A bourbon is also a rose (Rosa borboniana) with upright growth with shining leaves, prickly branches, and clustered large flower.
And, of course, bourbon is also a whiskey distilled from a mash made up of not less than 51 percent corn plus malt and rye. This is one I occasionally dream about drinking, but only one, in particular, Pappy Van Winkle. Well, maybe even Arby’s. Arby’s? you ask. These products—rare as hen’s teeth!—of both distilleries are enveloped in absorbing stories. Pappy, because it’s almost impossible not to covet. Arby’s, because it’s so improbable from “We Have the Meats” folks. Just why am I telling you about stuff you can’t buy? Well, the hunt can be a big part of the fun. Hint: a decade ago, you could experience an entire Pappy tasting four miles up a hollow in East Tennessee. But that tasting is no longer offered. Or, just maybe you’re such an avid bourboner you might covet your name on a bottle. If so, the Arby’s distiller is someone to call.
Port Wine
Having watched V is for Vino’s video on port and Portugal, plus having read an article about port in the San Francisco Chronicle, I’ve started experimenting with ports other than vintage, an old standard I’m a little familiar with. One of them, Fonseca "Terra Bella" Reserve Port, is absolutely delicious . . . and a steal around $10. Another, Taylor Fladgate LBV 2016—a late bottled vintage ready-to-drink alternative to vintage port—isn’t nearly as charming to my palate, even though both are rated in the low 90s by critics. On with the adventure. Next up is white port.
What I’m Watching
Stanley Tucci: Searching for Italy has been on Sunday nights on CNN this fall. The current season’s episodes are: #1 Venice, #2 Piedmont, #3 Umbria, #4 London, #5 Calabria, #6 Sardinia, #7 Puglia, #8 Liguria. The Liguria episode, the season’s last, was aired October 30, but all episodes of this enchanting series are available on YouTube.
A Lamb Tale
While simple recipes such as those above are weekly staples in my house, when I itch for something fancy every once in a while, I itch as if I had rolled in a bed of poison ivy.
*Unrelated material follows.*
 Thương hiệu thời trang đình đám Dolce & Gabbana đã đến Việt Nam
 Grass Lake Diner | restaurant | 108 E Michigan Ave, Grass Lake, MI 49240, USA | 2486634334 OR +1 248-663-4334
Which brings me to this unusual grocery store story. Seems like most customers and most butchers and clerks at this neighborhood find surprisingly know each other more than casually. Such familiarity sometimes extends to greeting each other by name. On a recent weekend, I went in shopping for lamb loin, a pricy, uncommon luxury but worth every penny I pay for it. I just don’t want to pay for it very often. And the trouble is, I’ve found it in only two grocery stores anywhere near me.
In store #1 they want you to buy a whole package of local, frozen loins, 1 1/2 to 2+ pounds at $35/pound, which is too much lamb and too much cash—$50 to $70—for both me and my wife. In store #2 they have lamb tenderloin frozen 1.5 to 2+ pounds for $24/pound, which is still too much lamb and too much cash—$35 to $45—for both me and my wife, a big improvement, but from New Zealand, which matters. Enrique— the butcher at #2, when hearing about what I referred to “a guy down the street” or really store #1, a noteworthy competitor—hospitably came up with a solution.
“You buy half,” he proposed. “Since I love it, I’ll buy the other half!” I cotton to U.S. lamb so I’m gonna take #2’s deal back to #1 to see if he’ll bite . . . .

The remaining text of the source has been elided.